======== INFORMATION PROVIDED

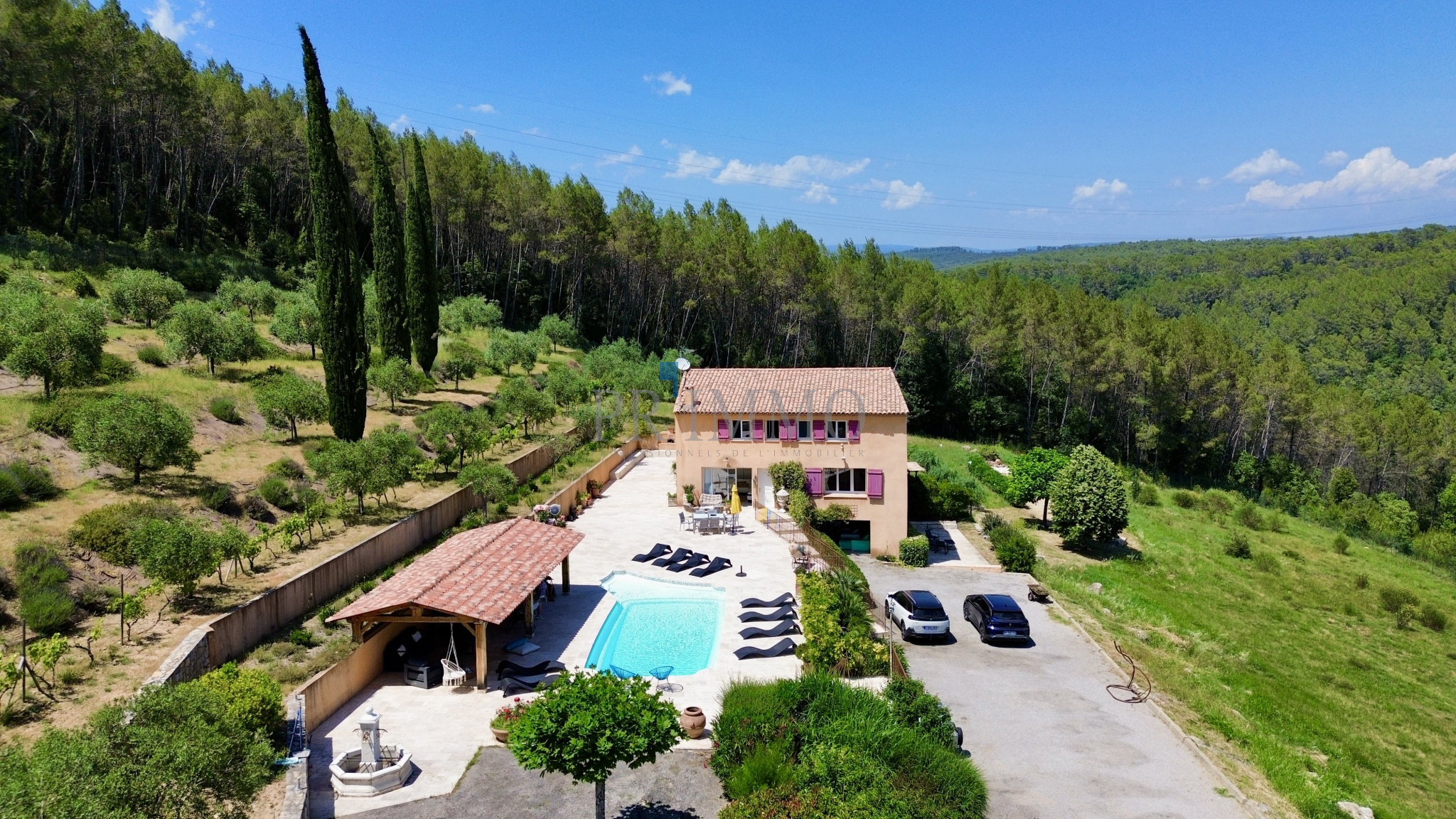 photo_2f68881373935d5b5636c17a4b8276ec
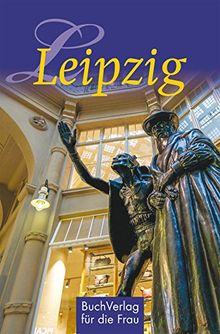 Leipzig (Minibibliothek)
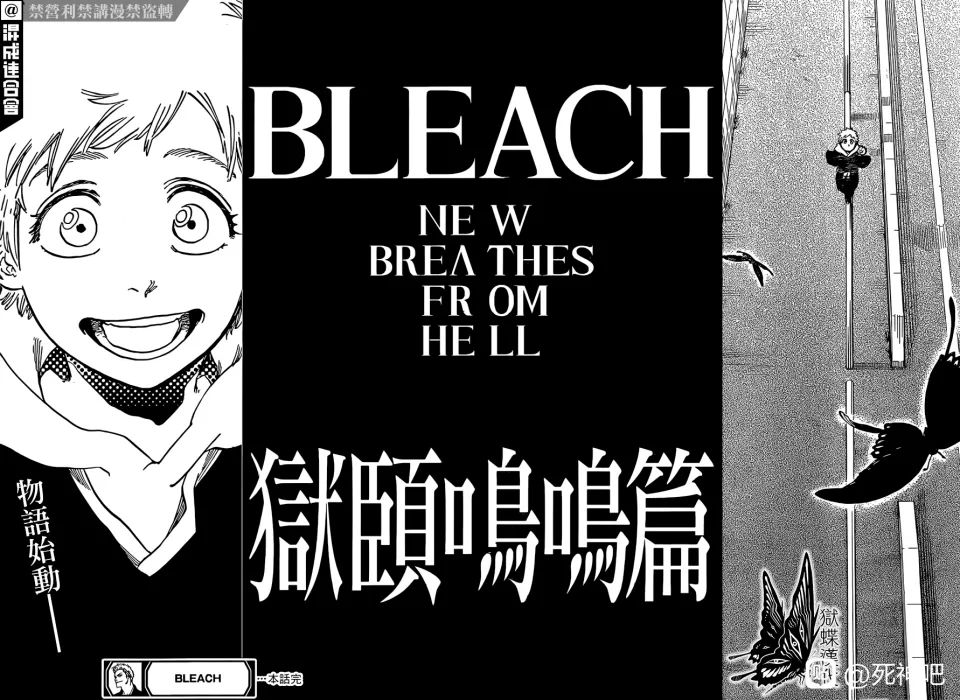 冷与热作文(冷与热作文高中)-第5张图片-微作文 冷与热作文(冷与热作文高中)-第5张图片-微作文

================

• [YOUR OBJECTIVE] Please reproduce only the lines from the one holding "Leipzig (Minibibliothek)" through the final line of the listing above, both included, with each picture left out.

• [WRITTEN RESPONSE]
 Leipzig (Minibibliothek)
 冷与热作文(冷与热作文高中)-第5张图片-微作文 冷与热作文(冷与热作文高中)-第5张图片-微作文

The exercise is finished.